Compositional determination of a PcBN substrate described herein can be conducted by X-ray diffraction (XRD). The cutting tool substrate rake face or flank face can be analyzed depending on cutting tool geometry. For compositional phase analysis of a PcBN substrate described herein, a PANalytical X'pert MRD diffraction system fitted with a Eulerean cradle and microfocus optics for PcBN compacts and tips or a PANalytical X'pert MPD fitted with programmable optics for analysis of a monolithic solid piece of PcBN can be used.
Both x-ray diffraction systems are configured with focusing beam optics and fitted with a copper x-ray tube and operating parameters of 45 KV and 40 MA. For analysis of the monolithic solid piece, the PANalytical MRD is fitted with programmable divergence slit and programmable antiscatter slit. The x-ray beam width is controlled by an appropriate mask size and x-ray beam length is fixed at 2 mm using the programmable optics. The PANalytical MPD is fitted with a linear strip solid state x-ray detector and nickel beta filter.

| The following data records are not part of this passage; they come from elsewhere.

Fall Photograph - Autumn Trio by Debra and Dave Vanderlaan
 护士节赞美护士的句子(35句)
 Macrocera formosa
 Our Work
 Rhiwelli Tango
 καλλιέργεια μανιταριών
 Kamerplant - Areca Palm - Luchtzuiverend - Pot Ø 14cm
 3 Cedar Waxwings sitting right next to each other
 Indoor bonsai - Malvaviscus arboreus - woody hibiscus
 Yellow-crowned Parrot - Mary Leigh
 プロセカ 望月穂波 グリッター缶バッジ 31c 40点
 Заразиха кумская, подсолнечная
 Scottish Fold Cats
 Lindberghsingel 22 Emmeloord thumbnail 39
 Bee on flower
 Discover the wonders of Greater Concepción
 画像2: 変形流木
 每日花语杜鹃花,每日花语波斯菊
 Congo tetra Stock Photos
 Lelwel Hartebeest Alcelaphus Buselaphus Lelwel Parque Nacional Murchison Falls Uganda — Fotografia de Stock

The PANalytical X'pert MRD system is configured with a microfocus monocapillary optics of either 100μ or 500μ focal spot depending on size of PcBN compact. The PANalytical MRD is fitted with a linear strip solid state x-ray detector and nickel beta filter.
Analysis scan range, counting times, and scan rate are selected to provide optimal data for Rietveld analysis. A background profile is fitted and peak search is performed on the PcBN substrate diffraction data to identify all peak positions and peak intensities. The peak position and intensity data is used to identify the crystal phase composition of the PcBN substrate using any of the commercially available crystal phase databases.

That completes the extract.